EXERCISE BRIEF.
Restate the data word for word and leave the images out.

SOURCE MATERIAL.

"""

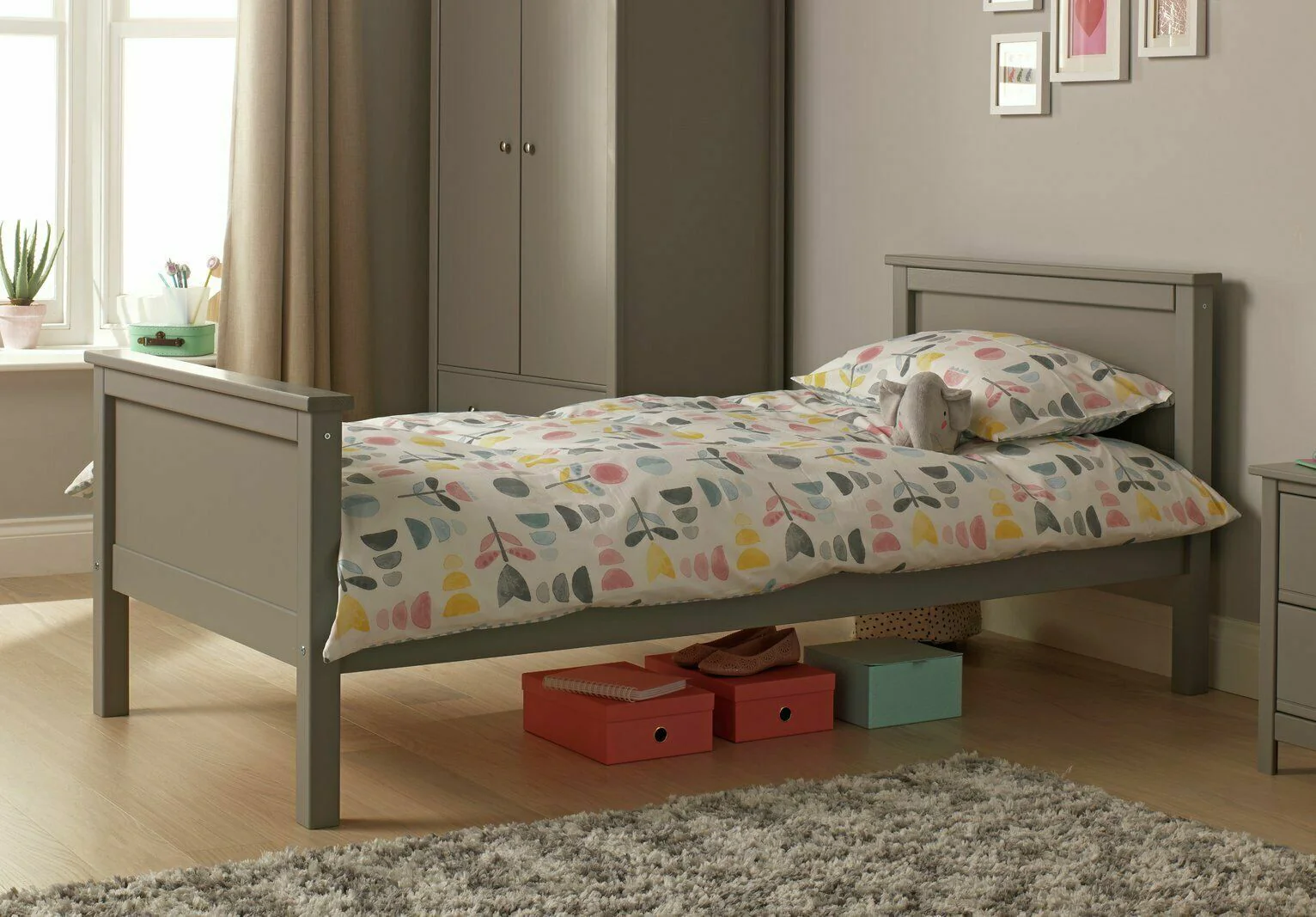 Brooklyn Single Bed Frame Grey Sturdy and Modern Bedroom Furniture for Kids - Image 2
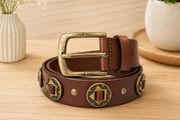 Unisex Genuine Leather Studded Belt Vintage Brown Leather Belt with Antique Brass Rivets &amp; Buckle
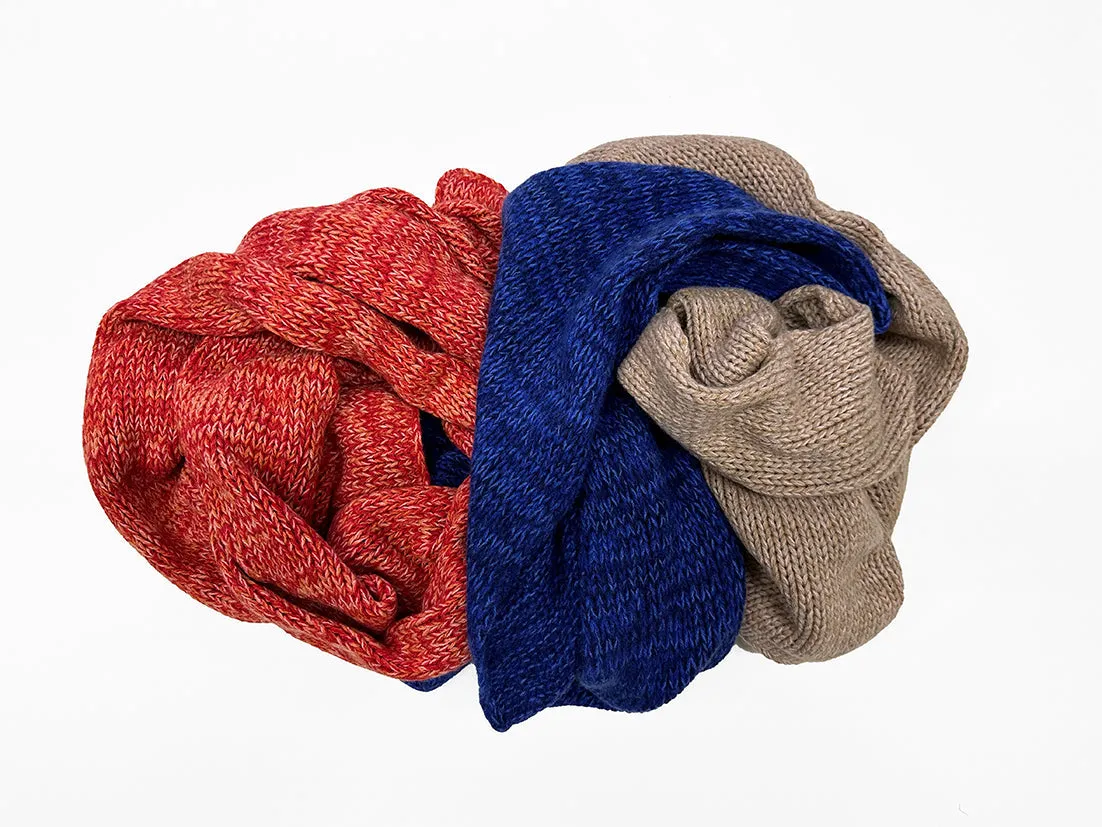 Cashmere Wool Scarf and Hat in Pomegranate Red Color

"""

OUTPUT BELOW.
 Brooklyn Single Bed Frame Grey Sturdy and Modern Bedroom Furniture for Kids - Image 2
 Unisex Genuine Leather Studded Belt Vintage Brown Leather Belt with Antique Brass Rivets &amp; Buckle
 Cashmere Wool Scarf and Hat in Pomegranate Red Color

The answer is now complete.